MÜJDE IŞIL – Michael Mann, erkeklerin dünyasındaki dayanışmayı ve rekabeti de saygıyı ve mücadeleyi de anlatmayı sever. “Heat/Büyük Hesaplaşma” ve “Collateral/Tetikçinin Gecesi”nin Mann’in en iyi filmleri arasında olmasının şifresi bu. İtalyan otomobil markası Ferrari’nin kurucusu Enzo Ferrari’nin hayatını anlatan filmin heyecanlandırmasının nedeni de yine bu: Rekabet, zamanla yarış, gri bölgedeki karakter…
‘Yanlış oğlum öldü’
“Ferrari” alıştığımız genel bir biyografi değil. Enzo Ferrari’nin en zor senesinde, 1957’de yaşadıklarına odaklanıyor. Şirket iflasın eşiğinde, karısı ile evliliği kötü gidiyor, oğlunun yasını tutuyor ve trajik başka olaylar… Brock Yates’in 1991 tarihli “Enzo Ferrari: The Man, the Cars, the Races, the Machine” adlı biyografisine dayanan film, Mann’in “90”lardan beri rüya projesiymiş. Mann’in Enzo Ferrari’nin filminin peşini bırakmaması şaşırtıcı değil. Mann’in o çok sevdiği gri bölgede gezinen bir kişilik Ferrari. İyi bir baba, âşık bir adam, hırslı, çalışanlarının “Kumandan” diye hitap etmesine rağmen hayatını kontrol edemeyen biri.

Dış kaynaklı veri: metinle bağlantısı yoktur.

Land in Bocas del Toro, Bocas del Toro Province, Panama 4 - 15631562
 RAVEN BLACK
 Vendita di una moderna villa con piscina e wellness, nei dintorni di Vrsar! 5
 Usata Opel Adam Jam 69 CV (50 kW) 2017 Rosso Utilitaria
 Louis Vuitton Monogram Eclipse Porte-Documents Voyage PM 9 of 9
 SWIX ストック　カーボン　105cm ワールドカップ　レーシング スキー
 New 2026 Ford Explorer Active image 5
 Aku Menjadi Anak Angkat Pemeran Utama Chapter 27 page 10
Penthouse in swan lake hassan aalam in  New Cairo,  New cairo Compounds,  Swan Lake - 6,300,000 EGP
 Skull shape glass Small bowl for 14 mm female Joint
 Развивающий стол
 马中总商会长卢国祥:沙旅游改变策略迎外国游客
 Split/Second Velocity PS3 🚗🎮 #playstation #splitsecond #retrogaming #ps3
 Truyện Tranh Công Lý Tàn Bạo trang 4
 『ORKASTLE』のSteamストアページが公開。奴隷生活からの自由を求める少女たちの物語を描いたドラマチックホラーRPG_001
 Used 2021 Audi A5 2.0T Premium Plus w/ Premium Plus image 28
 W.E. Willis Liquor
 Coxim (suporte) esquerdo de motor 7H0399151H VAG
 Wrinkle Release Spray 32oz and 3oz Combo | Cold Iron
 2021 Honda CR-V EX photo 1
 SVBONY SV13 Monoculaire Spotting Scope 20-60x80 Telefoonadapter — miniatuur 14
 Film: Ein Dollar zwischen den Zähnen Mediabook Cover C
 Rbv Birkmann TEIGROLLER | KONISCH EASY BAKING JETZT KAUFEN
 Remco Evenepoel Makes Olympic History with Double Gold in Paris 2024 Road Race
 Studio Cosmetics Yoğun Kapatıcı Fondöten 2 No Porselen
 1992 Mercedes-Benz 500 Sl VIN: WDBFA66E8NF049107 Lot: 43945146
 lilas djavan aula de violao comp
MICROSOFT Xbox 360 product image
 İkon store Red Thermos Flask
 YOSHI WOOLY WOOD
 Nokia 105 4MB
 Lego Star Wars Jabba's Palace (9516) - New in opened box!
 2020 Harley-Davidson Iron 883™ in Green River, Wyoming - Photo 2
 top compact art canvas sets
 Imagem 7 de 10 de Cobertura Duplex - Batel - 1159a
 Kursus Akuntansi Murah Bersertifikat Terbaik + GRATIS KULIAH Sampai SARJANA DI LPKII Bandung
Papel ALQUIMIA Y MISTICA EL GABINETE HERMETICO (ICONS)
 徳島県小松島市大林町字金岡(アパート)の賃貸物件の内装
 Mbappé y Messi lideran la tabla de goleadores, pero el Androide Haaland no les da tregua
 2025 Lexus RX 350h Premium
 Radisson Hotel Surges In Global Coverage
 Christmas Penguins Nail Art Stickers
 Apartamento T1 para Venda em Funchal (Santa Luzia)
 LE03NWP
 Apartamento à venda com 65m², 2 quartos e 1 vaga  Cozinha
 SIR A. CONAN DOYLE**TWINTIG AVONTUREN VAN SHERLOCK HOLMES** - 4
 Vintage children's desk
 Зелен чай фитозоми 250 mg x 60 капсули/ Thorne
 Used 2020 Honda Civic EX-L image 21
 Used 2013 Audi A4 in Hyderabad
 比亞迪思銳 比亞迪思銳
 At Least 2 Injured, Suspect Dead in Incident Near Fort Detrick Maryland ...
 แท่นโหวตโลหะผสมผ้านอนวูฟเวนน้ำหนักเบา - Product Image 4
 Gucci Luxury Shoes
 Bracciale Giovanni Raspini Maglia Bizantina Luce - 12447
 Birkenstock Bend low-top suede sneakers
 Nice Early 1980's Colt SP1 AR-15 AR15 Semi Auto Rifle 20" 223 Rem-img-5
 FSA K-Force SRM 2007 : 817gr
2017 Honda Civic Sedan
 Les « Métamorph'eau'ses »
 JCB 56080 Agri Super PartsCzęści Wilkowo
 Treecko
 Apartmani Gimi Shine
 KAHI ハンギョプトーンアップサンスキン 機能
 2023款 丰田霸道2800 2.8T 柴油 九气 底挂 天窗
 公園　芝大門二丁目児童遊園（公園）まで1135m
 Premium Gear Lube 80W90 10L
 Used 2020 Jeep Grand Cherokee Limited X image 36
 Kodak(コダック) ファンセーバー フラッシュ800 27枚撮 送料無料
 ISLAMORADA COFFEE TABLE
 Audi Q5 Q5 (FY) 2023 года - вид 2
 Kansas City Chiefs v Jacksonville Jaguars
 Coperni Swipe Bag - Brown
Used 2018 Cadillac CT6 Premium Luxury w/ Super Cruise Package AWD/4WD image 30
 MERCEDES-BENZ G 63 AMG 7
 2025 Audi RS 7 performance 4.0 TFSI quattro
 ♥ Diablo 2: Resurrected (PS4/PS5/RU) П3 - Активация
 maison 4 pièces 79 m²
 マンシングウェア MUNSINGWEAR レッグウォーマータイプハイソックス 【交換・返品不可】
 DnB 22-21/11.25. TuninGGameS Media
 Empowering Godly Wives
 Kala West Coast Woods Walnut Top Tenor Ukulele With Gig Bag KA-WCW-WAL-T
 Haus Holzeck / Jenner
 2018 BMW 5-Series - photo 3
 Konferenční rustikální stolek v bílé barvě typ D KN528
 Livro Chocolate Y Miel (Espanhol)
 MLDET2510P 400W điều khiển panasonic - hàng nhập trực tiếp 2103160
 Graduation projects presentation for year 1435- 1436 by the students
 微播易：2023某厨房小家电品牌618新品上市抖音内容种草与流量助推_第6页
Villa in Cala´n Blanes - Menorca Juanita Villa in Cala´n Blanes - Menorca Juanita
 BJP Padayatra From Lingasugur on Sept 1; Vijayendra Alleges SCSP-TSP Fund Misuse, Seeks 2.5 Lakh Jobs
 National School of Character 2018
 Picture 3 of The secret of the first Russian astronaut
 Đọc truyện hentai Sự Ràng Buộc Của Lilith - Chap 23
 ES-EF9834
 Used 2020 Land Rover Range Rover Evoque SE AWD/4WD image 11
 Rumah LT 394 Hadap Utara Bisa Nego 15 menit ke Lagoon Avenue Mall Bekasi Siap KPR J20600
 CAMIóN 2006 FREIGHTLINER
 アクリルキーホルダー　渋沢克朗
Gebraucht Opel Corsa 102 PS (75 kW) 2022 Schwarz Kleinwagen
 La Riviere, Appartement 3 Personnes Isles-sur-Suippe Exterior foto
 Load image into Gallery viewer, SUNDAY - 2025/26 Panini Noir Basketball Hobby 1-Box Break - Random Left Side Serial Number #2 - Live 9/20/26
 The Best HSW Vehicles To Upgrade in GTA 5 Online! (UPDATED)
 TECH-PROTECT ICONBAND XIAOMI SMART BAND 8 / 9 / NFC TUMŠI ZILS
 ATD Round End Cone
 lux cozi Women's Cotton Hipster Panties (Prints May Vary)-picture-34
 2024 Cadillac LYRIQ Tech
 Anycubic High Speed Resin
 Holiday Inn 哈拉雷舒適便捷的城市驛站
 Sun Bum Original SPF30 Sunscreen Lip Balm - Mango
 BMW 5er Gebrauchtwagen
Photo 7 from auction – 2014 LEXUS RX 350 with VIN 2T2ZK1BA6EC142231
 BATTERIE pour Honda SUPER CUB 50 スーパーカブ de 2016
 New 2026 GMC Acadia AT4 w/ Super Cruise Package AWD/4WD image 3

Kocadan intikam alma yollarından aracın pedallarına yetişemeyen krala kadar mizahi diyaloglarıyla gülümseten film, bir Michael Mann karakterizasyonundan olduğu kadar geriliminden de uzakta. “Ferrari”nin temelinde yarış olmasına rağmen yarış sahnelerinin rekabet heyecanını hissettirmemesi hatta fazla fazla efekt kokması, filmin handikaplarından. Ama oyuncu kadrosu bu sorunları daha az görünür kılmayı başarmış.
Vizyonda öne çıkanlar
Aquaman and the Lost Kingdom/Aquaman ve Kayıp Krallık: Aquaman’i yenmeyi başaramayan Black Manta’nın elinde bu sefer kadim ve kötücül gücü açığa çıkaran efsanevi Black Trident var.
Kadınlara Mahsus: Serdar Akar’ın yönettiği filmde hayatlarındaki erkeklerle olan ilişkilerinde çıkmaza giren, birbirini hiç tanımayan sekiz kadın, katıldıkları kadınlara mahsus farkındalık kampında tüm bildiklerini unutur.